Juntos hemos crecido, juntos creamos una forma de ver el mundo, un lenguaje
lleno de neologismos, una misma forma de pensar. Todo esto se fue gestando en
nuestras interminables conversaciones, en las muchas horas que pasamos juntos o
que hablábamos por teléfono cuando la distancia nos separaba (solo) físicamente.
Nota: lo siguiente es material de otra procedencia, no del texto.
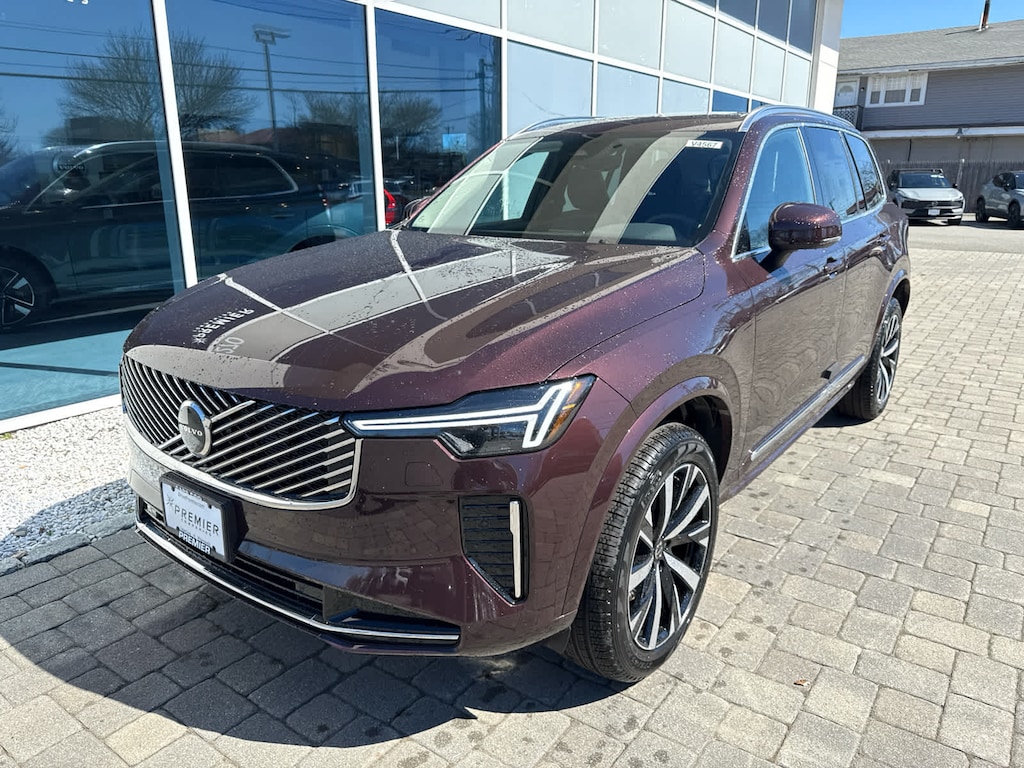 New 2026 Volvo XC90 B5 Core SUV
Hace unos días, cuando fui a Gran Canaria a despedirme de él para siempre, vi
su coche aparcado frente a la puerta de su casa. Lo acaricié. Pese a que hacía
tiempo que se había comprado una furgoneta, aún guardaba su viejo a AX, testigo
de nuestras más íntimas confesiones cuando me acompañaba hasta mi casa por la
noche y no veíamos el momento de separarnos o cuando viajábamos por Mallorca o
por alguna de las islas Canarias en buscas de playas remotas.
No
puedo glosar en unas cuantas palabras como era Paco. El lenguaje es demasiado
pobre para describir su luz, su alegría, su bondad, su generosidad, su belleza,
carisma, su sabiduría… Imposible narrar tantos y tantos momentos mágicos, tanta
felicidad, tanto amor. Todas las personas que lo hemos disfrutado coincidimos
en señalar lo mucho que nos ayudó, lo mucho que aprendimos de él. Y es que era
un ser excepcional. En estos veinte años, cada vez que acudí a él, triste por
cualquier motivo, o totalmente destrozada en esos momentos que la vida me ha
vapuleado, Paco me consoló. Y cuando digo que “me consoló”, no quiere decir que
me dijera unas palabras amables o que me acariciara una mejilla, no. Lo que
quiero decir es que junto a él mi dolor de verdad desaparecía, era capaz de
calmar totalmente mi angustia vital. Resultaba imposible estar mal a su lado.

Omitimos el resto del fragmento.